After the kidnapping of the main opposition leader and the nation’s first COVID-19 death, many thought Mali’s long-awaited elections might be delayed again. But the war-torn West African country has begun to vote.
Malians headed to the polls Sunday for a long-delayed parliamentary election, less than a day after the country reported its first death from coronavirus.
Also overshadowing the election was the kidnapping of the leading opposition figure of the West African country on Wednesday. Soumaila Cisse is believed to be in the hands of jihadists.

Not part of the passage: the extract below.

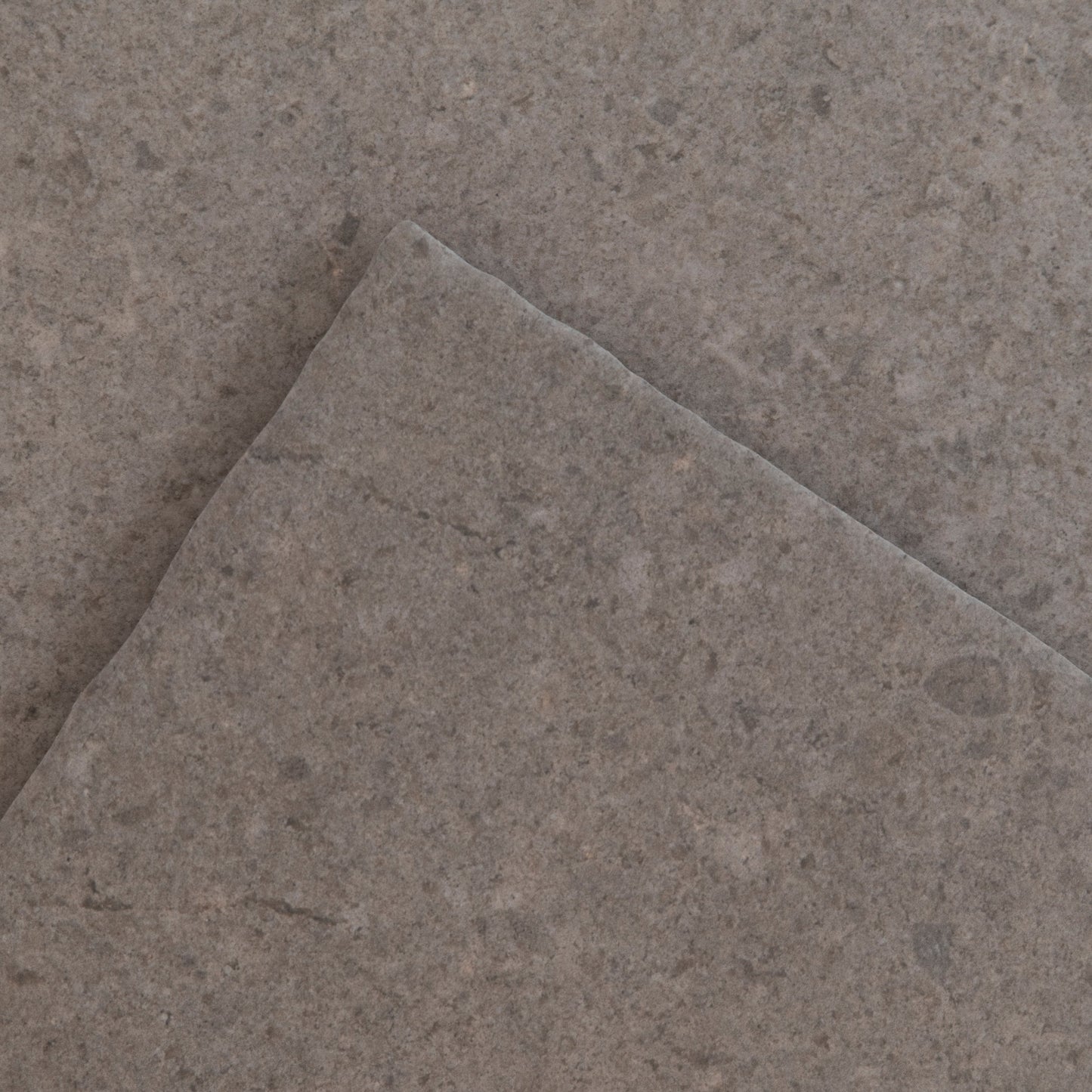 The Toba Brun R11 by New York Cement Tile: a single square gray stone tile on a plain white background.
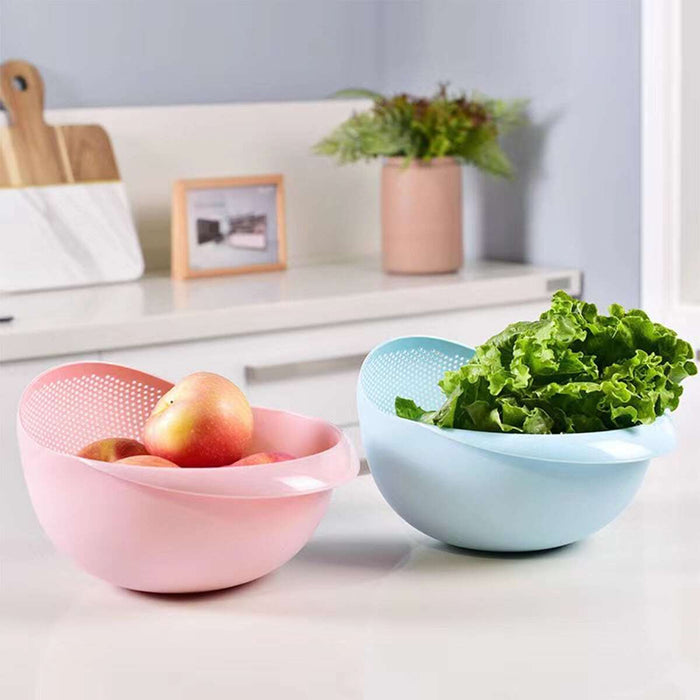 Two Plastic Rice Washing Strainer Baskets with fruits and vegetables in it placed on a kitchen counter top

Security concerns have seen the vote postponed several times since 2018. The war-torn country has over 200,000 displaced people, none of whom are expected to be able to vote. “No mechanism has been established” for them to participate in the election, one government official told the Agence France-Presse news agency.
Mali reported its first COVID-19 case on Wednesday, with many observers and authorities concerned that an outbreak could wreak havoc in the impoverished nation of 19 million.
The country has now declared a medical emergency despite the relatively low number of cases so far. As of Saturday, 18 cases have been reported, with the first death confirmed hours before polls opened.
Much of Mali’s territory lies outside of state control, meaning that widespread implementation of preventative measures could be difficult or impossible. Large parts of the north of the country are controlled by an al-Qaeda-aligned jihadist group.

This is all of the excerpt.